Adoption of Office 365 in the enterprise has been growing encouragingly for Microsoft Corp. In the channel space, this is a development that can be seen in the increasing number of integrators and service providers offering their customers Office 365 migration services as well as other business solutions geared towards maximizing the features of Microsoft’s subscription-based online office suite.
Potential and current customers, however, have been asking Redmond for a road map of future Office 365 upgrades.
This week, Microsoft delivered on its earlier promise to do so. The company published a rough road map of Office 365 editions. The document, however, only covers versions of the suite for businesses and educational institutions. The available road map does not include Office 365 Home, Office 365 Personal or Office 365 Government.
“The Office 365 for business public roadmap provides you with a way to learn more about upcoming updates before the change comes to your service,” wrote Jake Zborowski, a group manager for Office 365, in his blog on Thursday. “It provides a few months’ view of new features, enhancements, and major updates.”

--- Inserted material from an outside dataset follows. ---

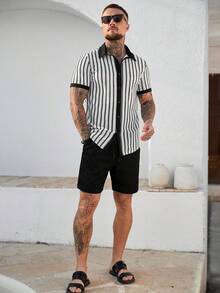 Manfinity CasualCool Men's Striped Polo Collar Single-Breasted Casual Versatile Daily Wear Short Sleeve Shirt - White - View 3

He said, Microsoft may communicate “further in advance than a few months.”
The road map lists features that have already been implemented, features that have been rolled out to some users, features still in development as well as features that have been removed. Microsoft, however, does not mention when new features will be rolled out.
In line with the road map, Microsoft is also rolling out a new program called First Release. The program gives customers who opt-in to the program, opportunity to get a small selection of significant enhancement to Office 365, SharePoint Online and Exchange Online ahead of other users.
“If you opt-in to First Release, you will receive new qualifying feature updates first, a minimum of two weeks before customers in our standard release group,” according to Zborowski.
Updates to Lync Online, Exchange Online Protection, Office 365 ProPlus, or other related services are not included in the First Release program at this time.
By default, all Office 365 customers are part of the standard release group. “If you’re in this group, you will receive the new feature updates a minimum of two weeks after availability in First Release,” he said. The majority of service updates will be made available to all customers via Microsoft’s standard release processes.
On Tuesday, June 24th the Office 365 Technical Network will host a Roadmap Communications YamJam from 9:00-10:00am PT to discuss the announcement. This provides the opportunity for the community to ask questions and have a discussion with a panel of internal Microsoft experts on a particular topic.